R JagannathanMar 22, 2023, 09:53 AM | Updated 09:52 AM IST
The Silicon Valley Bank.

The Silicon Valley Bank.


The collapse of Silicon Valley Bank (SVB) and Signature Bank has not led to any panic among depositors largely because the US Federal Reserve and the Treasury Department effectively guaranteed the money of all depositors.

Legally, though, only $250,000 per account is insured.

While this decision to return everybody’s deposits may have stemmed an immediate crisis in the financial system, it has actually opened up a moral hazard: in future, all depositors and banks will presume that Uncle Sam will step in to save their deposits, no matter how badly the bank manages their money. 

In India, the Deposit Insurance and Credit Guarantee Corporation (DICGC) insures deposits upto Rs 5 lakh with any one bank (including deposits in all branches maintained by the same entities or individuals), but you can improve your deposit coverage if you maintain separate deposits with multiple banks.

You get Rs 5 lakh coverage for total deposits held with each bank separately.
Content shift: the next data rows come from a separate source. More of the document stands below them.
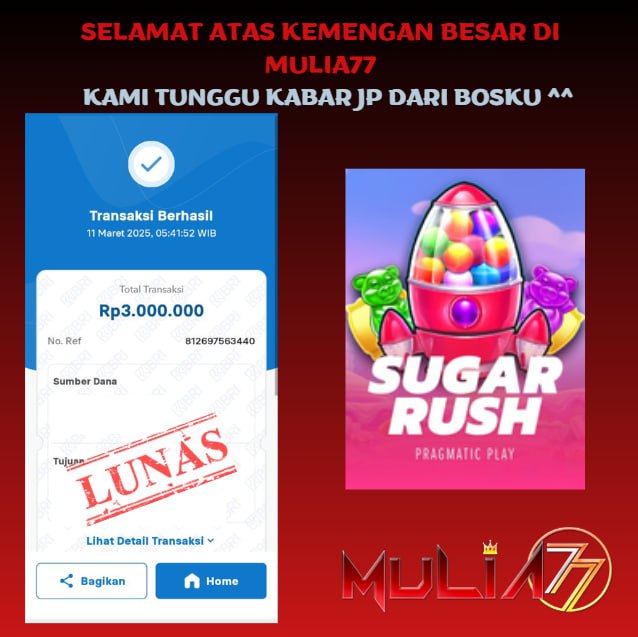 Menang Jackpot Slot Online Gacor MULIA77 Resmi Rp 3.000.000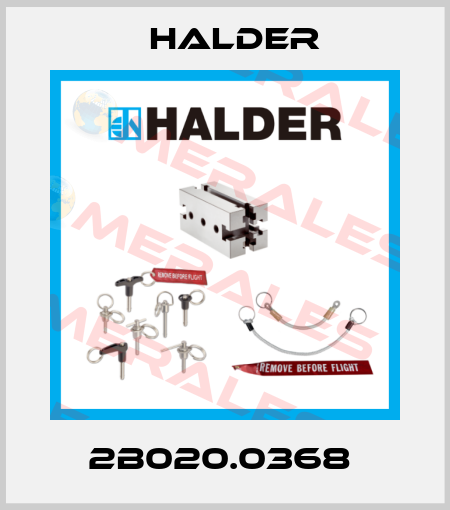 2B020.0368  Halder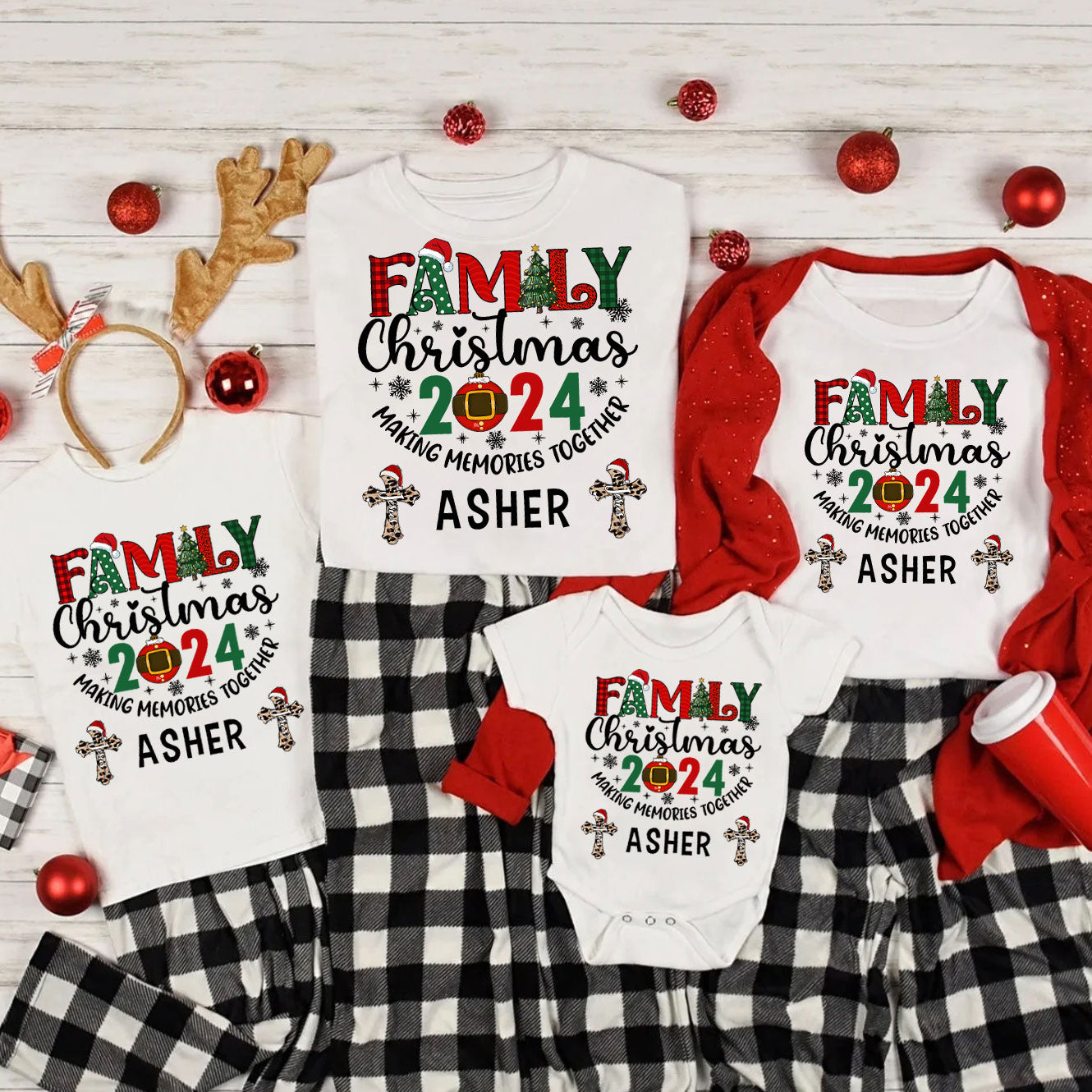 Personalized Family Christmas Matching Christian T-Shirt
But branches of the same bank do not get separate insurance cover beyond Rs 5 lakh even if you hold multiple deposits.

For savers, it makes sense to distribute their deposits among three or four banks, with at least one of those banks being a state-owned bank where there is an implicit sovereign guarantee.

This may be cumbersome, but it is the least risky way to hold your retirement corpuses.
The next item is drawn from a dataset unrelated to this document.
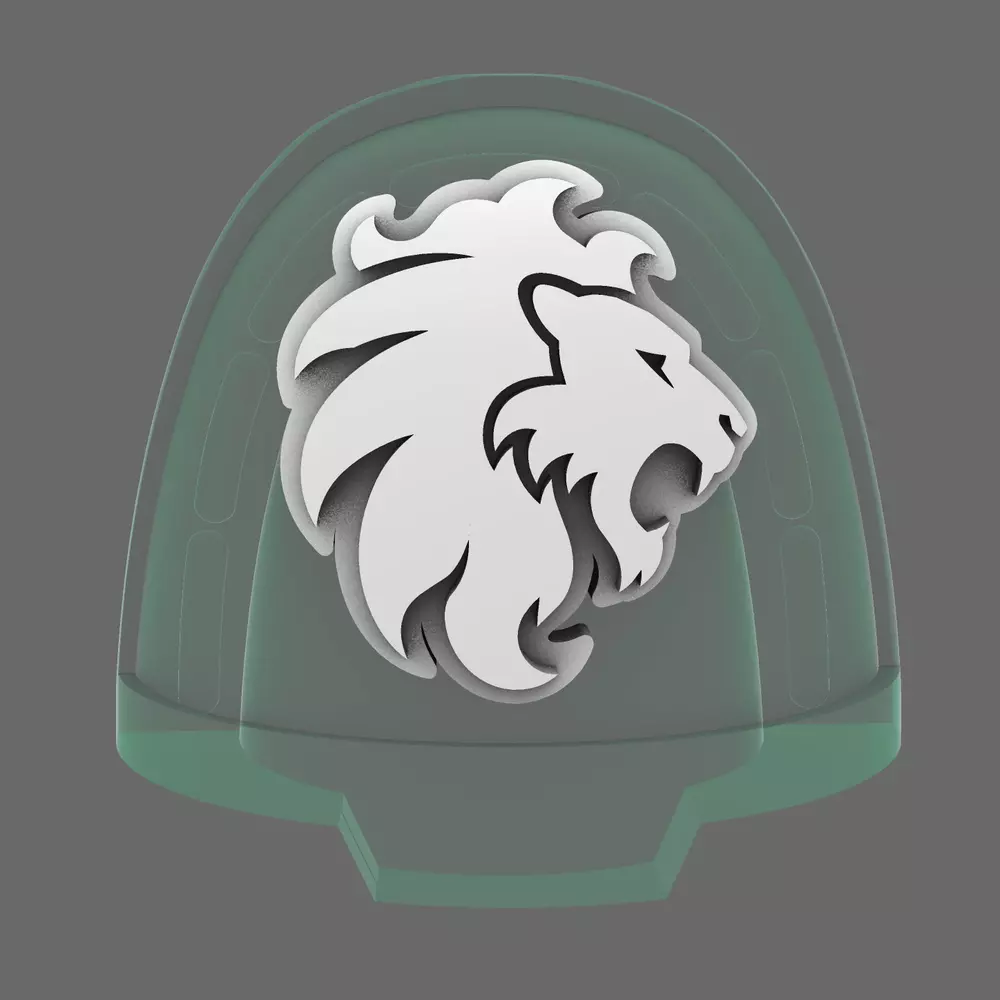 Lion Spirit Knights V10B Shoulder Symbols RIGHT 3D print model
Clearly, there ought to be a better way to insure large deposits.

Two suggestions are worth making.

First, there is no reason why individual depositors should not pay additional premiums to the DICGC or a new private insurer of deposits to protect higher sums.
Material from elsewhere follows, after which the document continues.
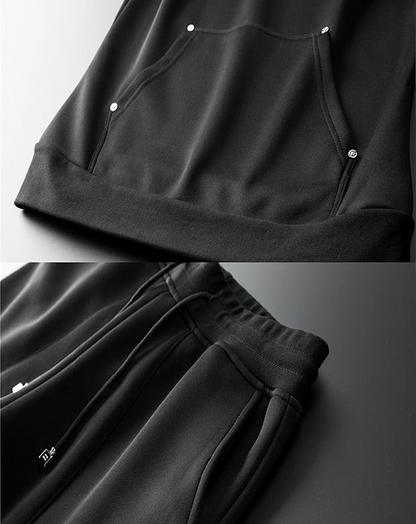 ♂Asymmetry Zip Hoodie & Pants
Even under current law, the DICGC is empowered to charge higher premiums from banks (especially cooperative banks) which may have a riskier profile.

While banks pay 12 paise for every Rs 100 insured, the corporation can charge up to 15 paise from some banks.

There is no reason why individual deposits cannot be insured for higher sums, if the depositor is willing to accept this charge.

Second, even where depositors are unwilling to pay this additional premium, they should have access to the underlying assets of the bank in case of liquidation, especially when those underlying assets are sovereign assets.

For example, most of Silicon Valley Bank’s losses stemmed from asset-liability mismatches, where the deposit money was invested in long-dated US Treasury stocks, which lost value when the Fed started raising interest rates.

In India too, banks have to compulsorily invest in cash reserve ratio (CRR) and statutory liquidity ratio (SLR), both of which add up to nearly 25 per cent of deposits for most banks.

Here’s the point: even for uninsured deposits, there is no reason why the underlying sovereign assets should not directly be assigned to the depositor in proportion to his deposits without the bank being liquidated first.

If depositors get their share of CRR/SLR funds in the form of government securities credited to their names, they may well not mind the lower market prices of their bonds since on maturity they will get the full face value from redemption proceeds.

Protecting depositors from bank failures is important for greater confidence in the system.

The two alternatives above may help prevent any bank or depositor from presuming that bank deposits carry no risk.